Segment Start: Study material

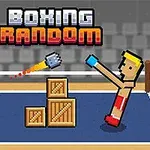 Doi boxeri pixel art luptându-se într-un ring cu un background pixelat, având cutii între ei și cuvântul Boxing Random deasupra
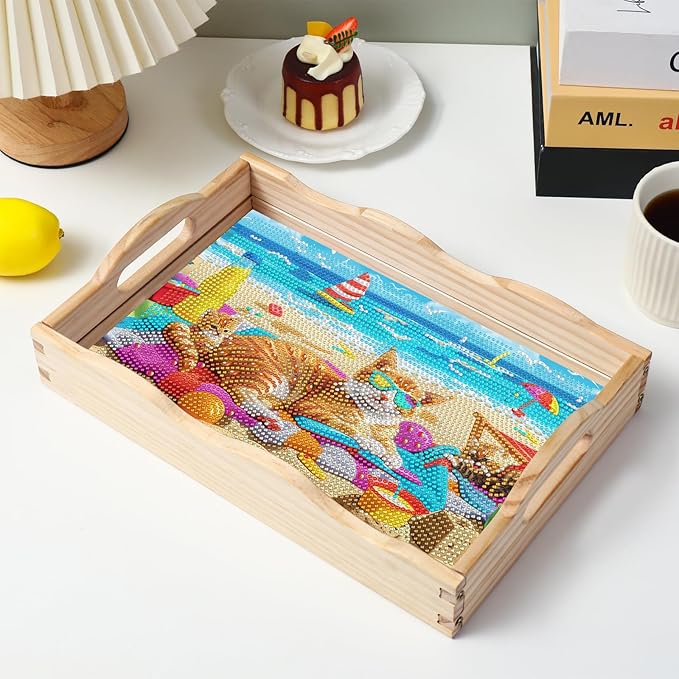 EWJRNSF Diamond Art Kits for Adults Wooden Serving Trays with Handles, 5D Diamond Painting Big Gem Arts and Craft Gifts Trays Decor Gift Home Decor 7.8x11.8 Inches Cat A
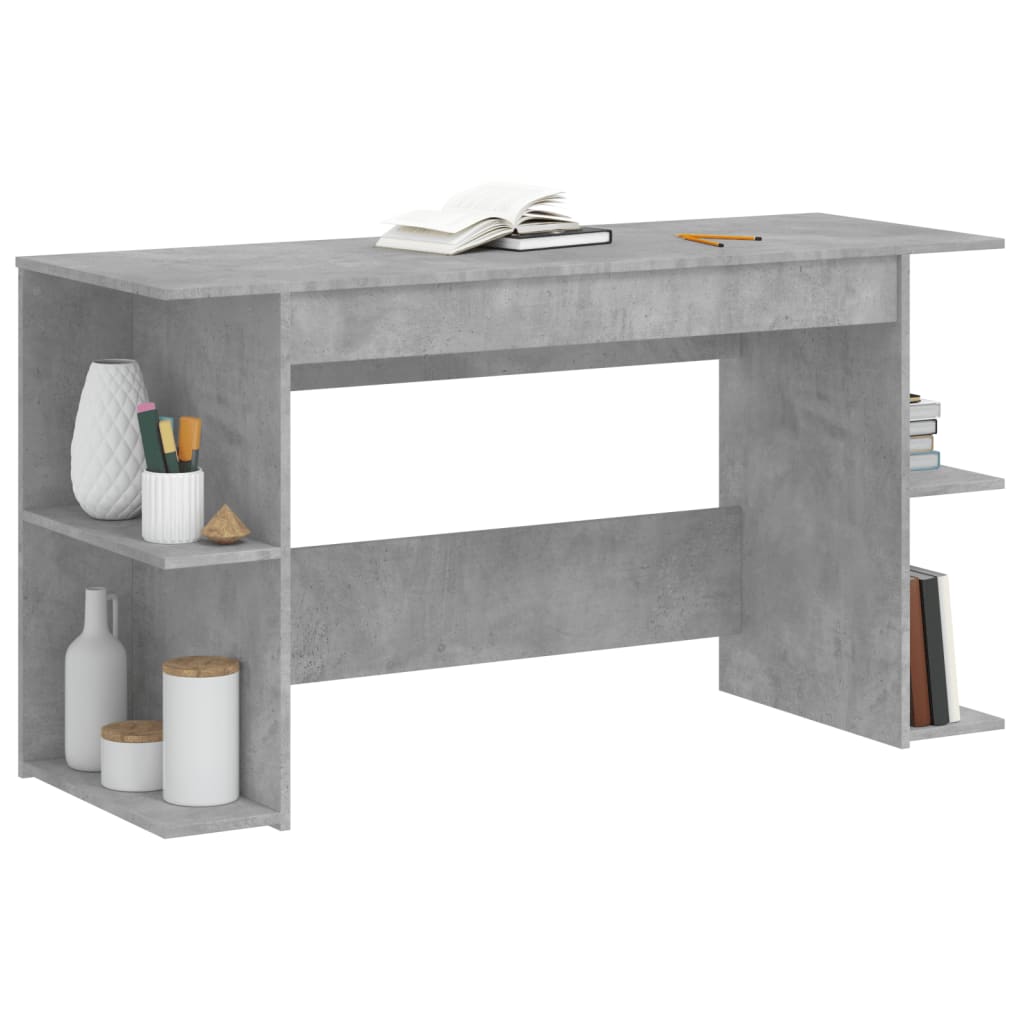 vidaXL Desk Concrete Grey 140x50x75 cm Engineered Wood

Segment End: Study material
Segment Start: Study material

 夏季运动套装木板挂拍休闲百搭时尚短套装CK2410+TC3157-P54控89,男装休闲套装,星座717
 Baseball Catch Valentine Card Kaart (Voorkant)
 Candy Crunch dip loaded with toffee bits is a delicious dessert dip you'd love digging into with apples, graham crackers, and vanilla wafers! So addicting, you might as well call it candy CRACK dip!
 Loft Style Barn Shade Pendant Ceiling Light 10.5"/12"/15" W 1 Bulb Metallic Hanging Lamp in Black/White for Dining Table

Segment End: Study material
Segment Start: Study material

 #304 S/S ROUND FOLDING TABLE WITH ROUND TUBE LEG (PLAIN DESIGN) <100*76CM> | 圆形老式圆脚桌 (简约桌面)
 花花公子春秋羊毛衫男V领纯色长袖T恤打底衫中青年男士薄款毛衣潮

Segment End: Study material

# Task to carry out
After locating the line with "Baseball Catch Valentine" in the material above, return it and each line after it exactly, ending at the line with "Loft Style Barn".

# Solved problem
 Baseball Catch Valentine Card Kaart (Voorkant)
 Candy Crunch dip loaded with toffee bits is a delicious dessert dip you'd love digging into with apples, graham crackers, and vanilla wafers! So addicting, you might as well call it candy CRACK dip!
 Loft Style Barn Shade Pendant Ceiling Light 10.5"/12"/15" W 1 Bulb Metallic Hanging Lamp in Black/White for Dining Table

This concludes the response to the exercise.